Description of the task:
Without further comment, state how many lines in the listing below contain the word "Read".

————

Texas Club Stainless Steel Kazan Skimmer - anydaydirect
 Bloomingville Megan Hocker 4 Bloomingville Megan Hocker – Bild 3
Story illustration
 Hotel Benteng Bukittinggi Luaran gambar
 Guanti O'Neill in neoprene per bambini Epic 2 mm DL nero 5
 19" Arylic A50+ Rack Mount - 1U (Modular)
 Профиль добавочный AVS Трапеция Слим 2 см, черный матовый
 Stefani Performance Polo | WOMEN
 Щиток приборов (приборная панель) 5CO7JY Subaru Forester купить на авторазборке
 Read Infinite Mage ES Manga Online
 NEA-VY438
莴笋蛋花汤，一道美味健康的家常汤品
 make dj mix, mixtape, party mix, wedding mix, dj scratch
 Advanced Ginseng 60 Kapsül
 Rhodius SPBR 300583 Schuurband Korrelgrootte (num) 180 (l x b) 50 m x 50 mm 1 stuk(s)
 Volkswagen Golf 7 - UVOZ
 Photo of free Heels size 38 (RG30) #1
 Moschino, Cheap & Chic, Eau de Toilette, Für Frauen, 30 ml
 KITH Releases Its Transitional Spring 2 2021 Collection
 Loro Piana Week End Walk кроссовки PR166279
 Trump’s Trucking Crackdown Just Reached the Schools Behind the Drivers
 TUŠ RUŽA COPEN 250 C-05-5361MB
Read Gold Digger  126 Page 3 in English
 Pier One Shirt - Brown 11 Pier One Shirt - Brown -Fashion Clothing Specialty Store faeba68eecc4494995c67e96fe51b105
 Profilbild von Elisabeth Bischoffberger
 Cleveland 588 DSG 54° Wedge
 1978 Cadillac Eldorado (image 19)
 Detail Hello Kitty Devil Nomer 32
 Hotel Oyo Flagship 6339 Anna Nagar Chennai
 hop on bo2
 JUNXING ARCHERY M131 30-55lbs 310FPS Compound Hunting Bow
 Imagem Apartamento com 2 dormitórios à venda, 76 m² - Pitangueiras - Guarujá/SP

————

Answer:
2